Tino Sehgal (sans titre) (2000)
une collection de corps sensibles
(sans titre) (2000) solo conçu par Tino Sehgal – 3 versions avec : Andrew Hardwidge, Frank Willens, Boris Charmatz – mercredi 5 février 2014, Musée de la danse
Version de Frank Willens – Vendredi 7 février 2014, université de Rennes 2 dans le cadre du colloque DE l’ARCHIVE AU REENACTMENT
« Créée il y a treize ans, la pièce expose la “danse scénique” du XXe siècle, transposant les pratiques chorégraphiques et les visions du corps qui y sont associées. »
« 20 minutes pour le vingtième siècle[1] »
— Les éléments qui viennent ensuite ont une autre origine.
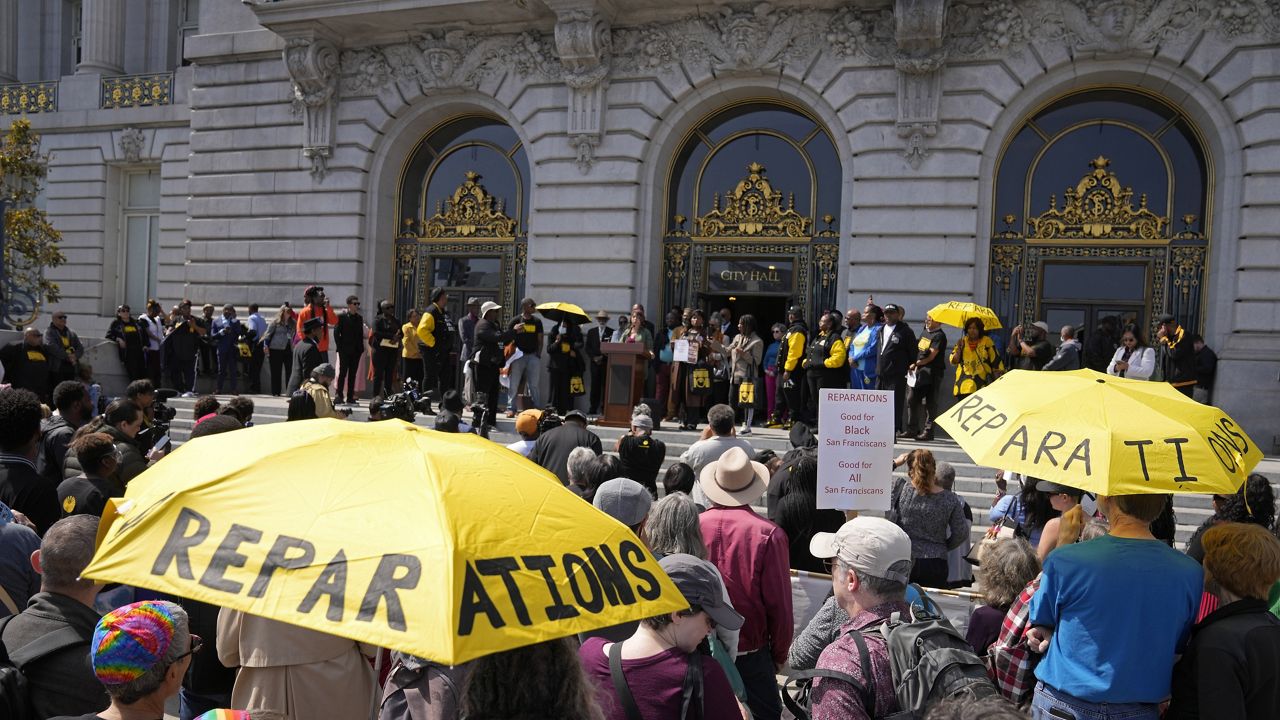 People listen during a rally in support of reparations for African Americans outside City Hall in San Francisco, Tuesday, Sept. 19, 2023. (AP Photo/Eric Risberg, File)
(sans titre) (2000) de Tino Sehgal est, à l’instar de l’autre création de l’artiste intitulée kiss (2004), qui fut exposée tout récemment au musée de la danse et à l’école des Beaux Arts (EESAB), une pièce muséale, c’est-à-dire une œuvre qui questionne et confronte les concepts d’exposition, de spectacle vivant, de performance, de musée, de pérennité des œuvres, d’archive. Le solo (sans titre) (2000) , qui se danse nu, a été présenté au musée de la danse successivement dans trois versions interprétées par trois danseurs qui chacun s’est approprié l’œuvre en fonction de sa corporéité et de sa personnalité propre.
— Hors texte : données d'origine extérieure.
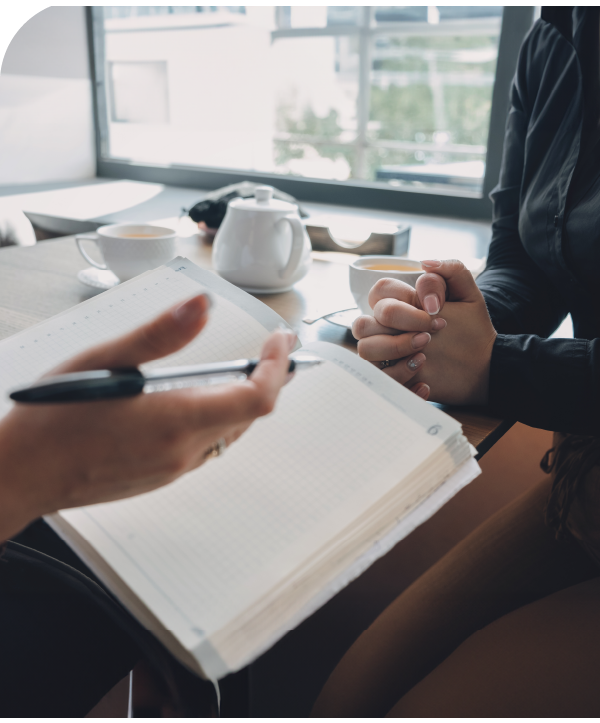 A woman sits at table with her hands folded in front of someone else holding a pen and paper.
Une succession d’états de corps
Un être surnaturel, à l’animalité heureuse, vision issue d’une lointaine antiquité, s’étend lascivement et pose avec grâce une flute (imaginaire) sur ses lèvres entrouvertes. C’est Nijinski dans l’après-midi d’un faune. Une vilaine femme colérique, les yeux plissés, menaçants, s’apprête à jeter un sort. Elle dresse un instant ses griffes écartées avant de frapper ses genoux l’un après l’autre, provoquant un balancement grotesque de son corps frêle. C’est la danse de la sorcière (Hexentanz) de Mary Wigman. Un homme, à l’expression neutralisée, traverse la salle d’un pas déterminé, à la rigueur ostentatoire, c’est Steve Paxton qui nous rappelle que marcher ce peut être déjà danser. Un corps phallique, aveugle car dépourvu de tête, déploie progressivement ses membres engourdis. Cet alien à la locomotion contre-nature vient caresser le mur. c’est Self-Unfinished, une pièce de Xavier Le Roy.
« you can’t be moving and thinking at the same time »
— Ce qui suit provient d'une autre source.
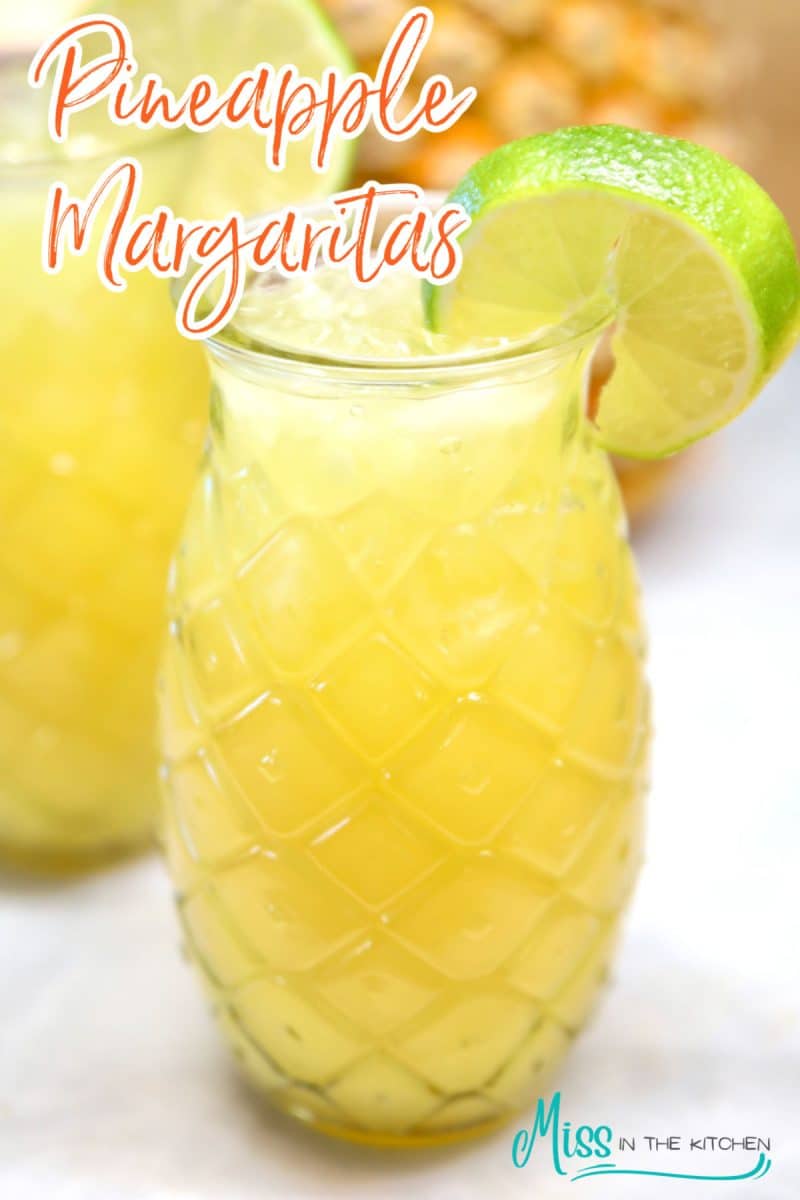 Pineapple Margaritas in tiki glass with lime wheel. Text overlay.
On ne peut que difficilement danser et parler en même temps (à moins de s’entraîner régulièrement…) nous rappelle la chorégraphe Trisha Brown par les voix de ses interprètes le Britannique Andrew Hardwidge, l’américain Frank Willens et Boris Charmatz. De même, se faire le témoin d’un spectacle de danse demande de passer d’une expérience initiale sensorielle et émotionnelle de spectateur à une forme de rationalisation postérieure par les mots, et ce qui résulte de ce transfert peut parfois ressembler, pour reprendre encore les mots de Trisha Brown, à un informe et pâteux « chewing-gum » !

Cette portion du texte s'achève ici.